5.It is clear that Applicant must at
the very least establish a right to which, if not protected by an
interdict, irreparable harm
would ensue. I must add, that Applicant
must show that such right needs to be protected urgently, if an
application is brought
in the urgent Court. The third requisite,
namely the balance of convenience is closely related to the question
of irreparable harm
and is often decisive. Even when all the
requirements for an interim interdict are present, a Court retains a
discretion whether
or not to grant an order which must be exercised
judicially having regard to all the facts of the matter considered
holistically.
6.
Applicant
argued that the prima facie right relied upon was that First
Respondent was obliged to
seek
clarification relating to any
ambiguities or uncertainties pertaining to Applicant's actual tender,
and that this exercise would
have contributed to a system such as
envisaged by the provisions of s. 217 (1) of the Constitution.
Further, a disturbing factor
was that the award of the tender to the
Third Respondent
resulted in a higher price of some R
170 million. It appears however from the Bid Evaluation report dated
14 December 2015 that
there were five other bids whose tender price
was less than that of Applicant.As to the right relied upon I was
referred to:
Metro
Projects CC v
Klerksdorp Local
Municipality
2004
(1) SA 16
SCA at
par.
13
–
14.
It is clear from the relevant dicta however, that the actual
right referred to, is the right to a fair process. A corollary of
that
right may
be
a
process of clarification if there is some unclarity in the actual
tender, but this would always depend on the context in each
given
case. In my view it is conceptually wrong to assert that one has a
right to a clarification process without qualification.

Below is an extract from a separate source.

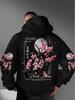 Kinder Hip Hop Sport Hoodie met Kersenbloesem Thema, oosterse bloemenmaan kunstgrafiek, comfortabele losse pasvorm voor een casual sportuitje.
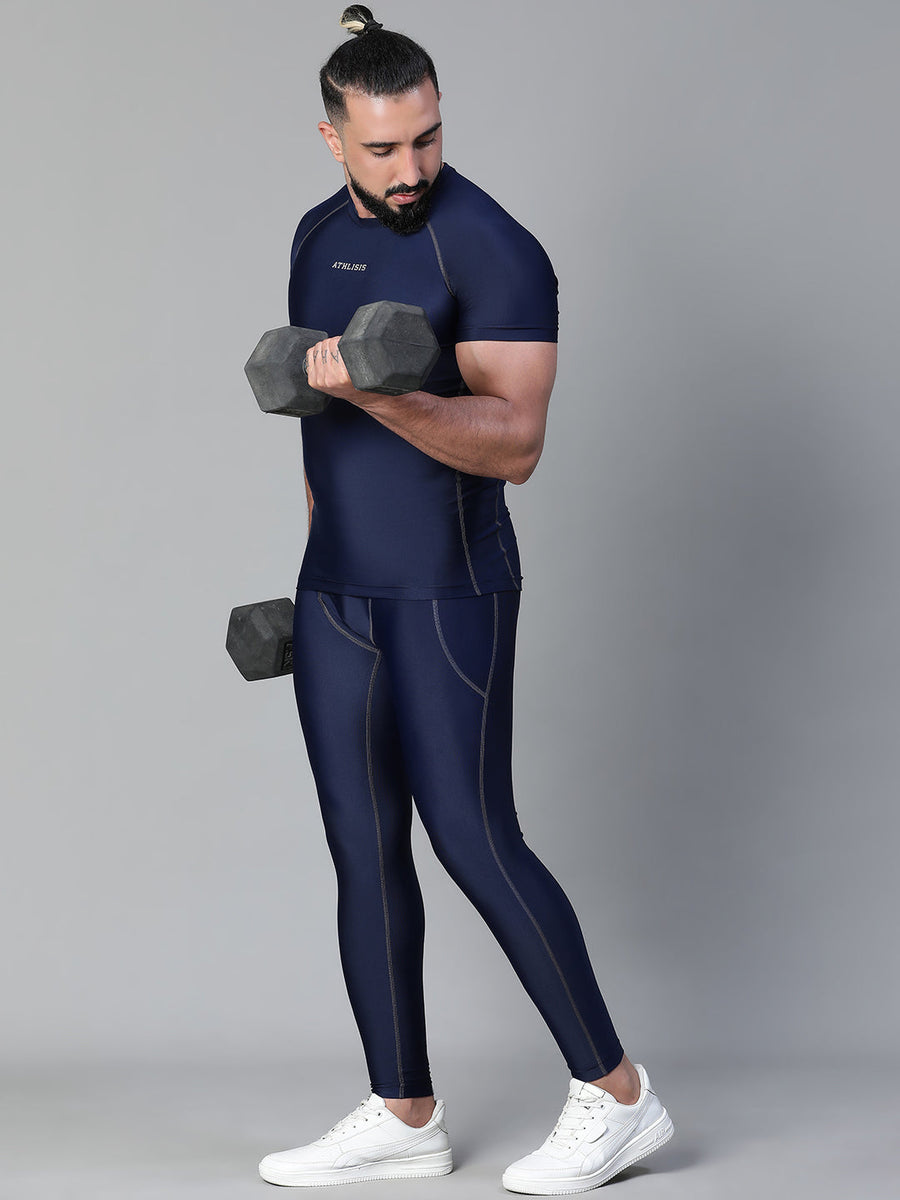 Nylon Basic Compression Tights Blue Athlisis Sports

7. I may add that Applicant's cause of
action herein is not based on any fraud,corruption or procedural
defect in the process followed.
8. I do not intend to deal with all
defences raised by the Respondents herein. Those are for a review
Court to decide.
9. The question that now needs to be
decided is whether this right must be protected
now by way of an urgent order, failing
which, irreparable harm will result in the
future.
10.
A brief history of the matter is therefore necessary and this
history is in my view also
a relevant consideration in the context
of the question of the balance of convenience, although Applicant's
Counsel did not agree.
11.
11.1 The relevant
tender was awarded to the Third Respondent on 8 January 2016.
Applicant says it
became aware thereof on 2 February 2016.
11.2 On 3 February 2016 it wrote a
letter of objection also calling for information and demanding a
response by 5 February 2016,
failing which an interdict would be
sought to stop the execution of the project. It is clear that
Applicant contemplated an
urgent application with or without the
documents sought. It is also clear that apart from the Evaluation
Report, none of the
documents sought then, formed the basis of the
present application, which is dated 29 April 2016.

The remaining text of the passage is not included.